Lawyer Kamau further seeks the court to declare that the Non-Compete Clause in the 2016 Contract is unenforceable by the KCB Group as against him and is voidable by him as against the Bank ab initio, byreason of the termination of the Petitioner’s employment having been a violation of Articles 41(1) and 47(1) and (2) of the Constitution, and of the Employment Act.

He also wants the Employment Court to find that finding that KCB’s group legal representation by Messrs of Mohammed Muigai LLP Advocates law firm in respect of his claim for unlawful termination of employment resulted in a clear conflict of interest by reason of the fact that a Founding and Senior Partner at the said firm lawyer Mohammed Nyaoga is also the Chairman of the CBK’s Board of Directors.

“A Declaration that the circumstances of KCB’s legal representation by Messrs. Mohammed Muigai LLP Advocates resulted in a violation of the Petitioner’s fundamental right to have the employment dispute decided independently and impartially, as guaranteed in Article 50(1) of the Constitution,” seeks lawyer Kamau.

Kamau is seeking damages against both KCB Group and Central Bank of Kenya jointly and severally for the violation of his constitutional and fundamental right to fair labour practices.

He wants  further wants court to declare that CBK is liable to petitioner on account of its breach of statutory duty to effectively regulate KCB Group to ensure that KCB complied with the Central Bank of Kenya Prudential Guidelines and all other Laws, Rules, Codes and Standards, and that, as an issuer of securities, it complied with capital markets legislation.

Kamau through his lawyer Nderitu told the court that he was involved in Shareholder engagement in introducing the Group aide-mémoire that significantly improved the management of the Annual General Meetings, including obtaining approval without voting through the Memorandum and Articles of Association of Kenya Commercial Bank Limited among others.

He said that during his employment at KCB Bank Kenya and with the KCB Group, he initially worked well with former KCB CEO Joseph Oigara until 2016 when the CEO allegedly started sidelining him by removing the legal function from his reporting line.

He further claims he was transferred from the Group’s offices at Kencom House to its offices Upper Hill under the guise that the Petitioner was merely to support the KCB Group Board.

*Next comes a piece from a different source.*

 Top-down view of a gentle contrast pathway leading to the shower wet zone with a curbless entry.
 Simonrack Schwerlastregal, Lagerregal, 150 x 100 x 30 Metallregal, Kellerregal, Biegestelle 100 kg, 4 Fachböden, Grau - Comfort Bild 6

He adds that at that point his roles were given to Okumu for reasons that were not related to work demands.  He stated that Oigara at one time proposed that he should leave his role in the KCB Group and go and serve as the Company Secretary of the National Bank of Kenya Limited, a subsidiary of the Group, a suggestion which he disagreed with to Oigara’s utter annoyance.

Kamau stated that his work was thenceforth unfairly discredited, leading to his being taken through a disciplinary process whose intended outcome failed miserably, and the Petitioner was vindicated.

“More specifically, the Petitioner contends that the purported creation of a new organizational structure towards the end of 2020 was in fact Oigara’s orchestration targeted to remove certain individuals by requiring them to undergo interviews in the pretext that new roles were created, and amounted to a further violation of the Petitioner’s fundamental right to fair labour practices under Article 41(1) of the Constitution,” said in his court documents.

He further adds that this sham reorganization demonstrates how the role of the KCB Group Company Secretary purportedly ceased to be and was then very briefly replaced with a new role of the KCB Group General Counsel. The role of KCB Group Company Secretary then ‘resurfaced’ immediately thereafter, in total violation of legal and regulatory requirements.